EXERCISE DESCRIPTION: Exactly the lines from the opening of the data through the line containing "Осуществление закупок Извещение" should be reproduced, please, with nothing added.

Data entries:
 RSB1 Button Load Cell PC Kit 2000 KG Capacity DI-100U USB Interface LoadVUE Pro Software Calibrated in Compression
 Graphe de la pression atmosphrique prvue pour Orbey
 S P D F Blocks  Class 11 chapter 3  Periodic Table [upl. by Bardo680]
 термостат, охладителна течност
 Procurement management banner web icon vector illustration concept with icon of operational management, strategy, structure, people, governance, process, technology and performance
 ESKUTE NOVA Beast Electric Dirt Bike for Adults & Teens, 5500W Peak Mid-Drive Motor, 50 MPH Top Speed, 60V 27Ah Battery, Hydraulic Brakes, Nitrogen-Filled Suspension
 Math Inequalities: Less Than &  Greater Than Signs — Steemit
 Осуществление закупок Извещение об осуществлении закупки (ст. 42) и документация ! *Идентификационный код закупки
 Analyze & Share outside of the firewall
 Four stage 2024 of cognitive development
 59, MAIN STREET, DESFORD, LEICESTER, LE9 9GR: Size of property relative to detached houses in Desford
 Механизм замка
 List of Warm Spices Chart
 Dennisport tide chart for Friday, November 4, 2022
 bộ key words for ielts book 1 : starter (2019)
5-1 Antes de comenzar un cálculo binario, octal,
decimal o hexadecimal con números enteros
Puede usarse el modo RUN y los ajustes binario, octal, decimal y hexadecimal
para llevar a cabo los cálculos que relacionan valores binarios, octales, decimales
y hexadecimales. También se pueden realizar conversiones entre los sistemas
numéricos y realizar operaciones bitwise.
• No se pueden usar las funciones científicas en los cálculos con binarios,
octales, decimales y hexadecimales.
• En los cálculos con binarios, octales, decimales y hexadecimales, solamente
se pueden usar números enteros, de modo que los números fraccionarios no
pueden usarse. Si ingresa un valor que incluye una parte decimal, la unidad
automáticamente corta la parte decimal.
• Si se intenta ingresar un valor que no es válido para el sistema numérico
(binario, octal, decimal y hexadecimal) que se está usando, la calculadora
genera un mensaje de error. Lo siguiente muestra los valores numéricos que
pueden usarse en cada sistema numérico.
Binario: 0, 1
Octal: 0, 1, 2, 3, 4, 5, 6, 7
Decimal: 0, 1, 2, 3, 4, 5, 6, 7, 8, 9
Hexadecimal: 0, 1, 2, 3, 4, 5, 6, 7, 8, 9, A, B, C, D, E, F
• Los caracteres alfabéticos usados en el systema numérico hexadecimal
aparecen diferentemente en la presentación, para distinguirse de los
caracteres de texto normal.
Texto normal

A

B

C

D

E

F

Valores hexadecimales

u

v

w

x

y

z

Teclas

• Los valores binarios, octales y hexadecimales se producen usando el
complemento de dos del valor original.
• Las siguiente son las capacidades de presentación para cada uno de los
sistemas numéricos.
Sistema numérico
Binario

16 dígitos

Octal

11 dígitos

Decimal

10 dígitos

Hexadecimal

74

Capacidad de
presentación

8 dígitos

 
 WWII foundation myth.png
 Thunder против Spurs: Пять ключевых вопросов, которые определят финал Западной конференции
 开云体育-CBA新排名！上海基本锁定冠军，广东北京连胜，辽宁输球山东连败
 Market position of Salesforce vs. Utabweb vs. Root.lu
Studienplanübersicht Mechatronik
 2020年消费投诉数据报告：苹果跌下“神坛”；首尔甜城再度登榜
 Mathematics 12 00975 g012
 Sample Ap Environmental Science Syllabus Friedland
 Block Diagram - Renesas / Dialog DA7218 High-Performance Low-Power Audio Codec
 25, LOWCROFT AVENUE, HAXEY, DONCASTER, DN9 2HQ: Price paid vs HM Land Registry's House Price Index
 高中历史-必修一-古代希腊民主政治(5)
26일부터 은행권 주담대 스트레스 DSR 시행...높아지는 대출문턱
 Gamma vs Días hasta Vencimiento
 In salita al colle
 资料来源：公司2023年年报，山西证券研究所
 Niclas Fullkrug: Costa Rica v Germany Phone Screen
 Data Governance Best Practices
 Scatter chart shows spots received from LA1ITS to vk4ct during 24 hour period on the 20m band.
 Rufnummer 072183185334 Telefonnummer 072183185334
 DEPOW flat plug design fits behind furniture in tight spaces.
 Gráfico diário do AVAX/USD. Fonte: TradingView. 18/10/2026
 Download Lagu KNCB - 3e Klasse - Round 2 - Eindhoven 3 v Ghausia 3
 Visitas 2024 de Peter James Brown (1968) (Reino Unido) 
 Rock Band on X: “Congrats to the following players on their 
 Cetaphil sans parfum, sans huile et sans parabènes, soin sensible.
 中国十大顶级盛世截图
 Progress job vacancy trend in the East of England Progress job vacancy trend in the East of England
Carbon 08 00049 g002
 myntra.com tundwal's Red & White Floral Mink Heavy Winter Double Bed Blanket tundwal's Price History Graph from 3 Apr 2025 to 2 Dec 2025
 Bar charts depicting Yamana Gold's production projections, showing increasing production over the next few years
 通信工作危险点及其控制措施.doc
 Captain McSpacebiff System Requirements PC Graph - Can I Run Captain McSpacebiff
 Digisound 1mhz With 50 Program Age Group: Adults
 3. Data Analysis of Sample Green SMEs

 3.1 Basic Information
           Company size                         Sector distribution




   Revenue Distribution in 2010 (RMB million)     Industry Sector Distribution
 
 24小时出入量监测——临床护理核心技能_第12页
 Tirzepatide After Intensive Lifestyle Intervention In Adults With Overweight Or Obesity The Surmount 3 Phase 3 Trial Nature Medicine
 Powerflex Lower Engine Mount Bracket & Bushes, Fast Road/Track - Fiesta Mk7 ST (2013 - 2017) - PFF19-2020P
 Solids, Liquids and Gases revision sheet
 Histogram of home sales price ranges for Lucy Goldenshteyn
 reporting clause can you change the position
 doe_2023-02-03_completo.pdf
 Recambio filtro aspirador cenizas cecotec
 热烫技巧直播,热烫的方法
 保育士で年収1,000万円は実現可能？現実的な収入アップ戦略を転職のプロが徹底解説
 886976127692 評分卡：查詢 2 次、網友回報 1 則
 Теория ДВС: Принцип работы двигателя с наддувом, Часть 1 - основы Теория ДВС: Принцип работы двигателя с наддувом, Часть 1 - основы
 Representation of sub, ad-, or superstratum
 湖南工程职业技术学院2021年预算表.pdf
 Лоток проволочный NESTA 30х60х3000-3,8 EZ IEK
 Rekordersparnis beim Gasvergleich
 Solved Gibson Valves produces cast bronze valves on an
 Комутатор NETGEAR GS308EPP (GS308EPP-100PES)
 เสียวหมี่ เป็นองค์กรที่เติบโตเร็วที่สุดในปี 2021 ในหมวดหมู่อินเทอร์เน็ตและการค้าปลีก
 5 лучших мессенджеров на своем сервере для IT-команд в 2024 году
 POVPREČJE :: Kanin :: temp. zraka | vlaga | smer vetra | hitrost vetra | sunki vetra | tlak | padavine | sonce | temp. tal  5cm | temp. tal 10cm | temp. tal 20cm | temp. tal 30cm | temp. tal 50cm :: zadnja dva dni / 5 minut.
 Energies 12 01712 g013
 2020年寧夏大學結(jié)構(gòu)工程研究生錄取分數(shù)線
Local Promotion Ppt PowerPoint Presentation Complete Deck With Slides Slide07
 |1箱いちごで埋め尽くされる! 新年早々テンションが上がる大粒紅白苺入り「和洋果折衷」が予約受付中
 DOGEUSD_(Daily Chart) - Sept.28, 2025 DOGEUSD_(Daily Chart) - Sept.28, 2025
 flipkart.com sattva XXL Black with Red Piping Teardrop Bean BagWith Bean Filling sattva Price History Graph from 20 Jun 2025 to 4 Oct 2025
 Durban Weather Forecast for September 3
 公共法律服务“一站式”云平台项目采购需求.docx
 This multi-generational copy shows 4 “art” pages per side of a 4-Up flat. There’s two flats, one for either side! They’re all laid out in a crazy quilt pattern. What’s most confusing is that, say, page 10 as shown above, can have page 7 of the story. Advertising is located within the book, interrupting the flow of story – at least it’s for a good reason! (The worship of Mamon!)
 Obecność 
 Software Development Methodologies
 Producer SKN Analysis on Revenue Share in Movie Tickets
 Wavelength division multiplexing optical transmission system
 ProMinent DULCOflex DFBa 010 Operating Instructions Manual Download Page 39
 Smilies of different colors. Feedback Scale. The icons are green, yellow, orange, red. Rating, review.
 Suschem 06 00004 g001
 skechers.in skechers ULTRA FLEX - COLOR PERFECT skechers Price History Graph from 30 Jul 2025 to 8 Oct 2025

RESULT OF THIS TASK:
 RSB1 Button Load Cell PC Kit 2000 KG Capacity DI-100U USB Interface LoadVUE Pro Software Calibrated in Compression
 Graphe de la pression atmosphrique prvue pour Orbey
 S P D F Blocks  Class 11 chapter 3  Periodic Table [upl. by Bardo680]
 термостат, охладителна течност
 Procurement management banner web icon vector illustration concept with icon of operational management, strategy, structure, people, governance, process, technology and performance
 ESKUTE NOVA Beast Electric Dirt Bike for Adults & Teens, 5500W Peak Mid-Drive Motor, 50 MPH Top Speed, 60V 27Ah Battery, Hydraulic Brakes, Nitrogen-Filled Suspension
 Math Inequalities: Less Than &  Greater Than Signs — Steemit
 Осуществление закупок Извещение об осуществлении закупки (ст. 42) и документация ! *Идентификационный код закупки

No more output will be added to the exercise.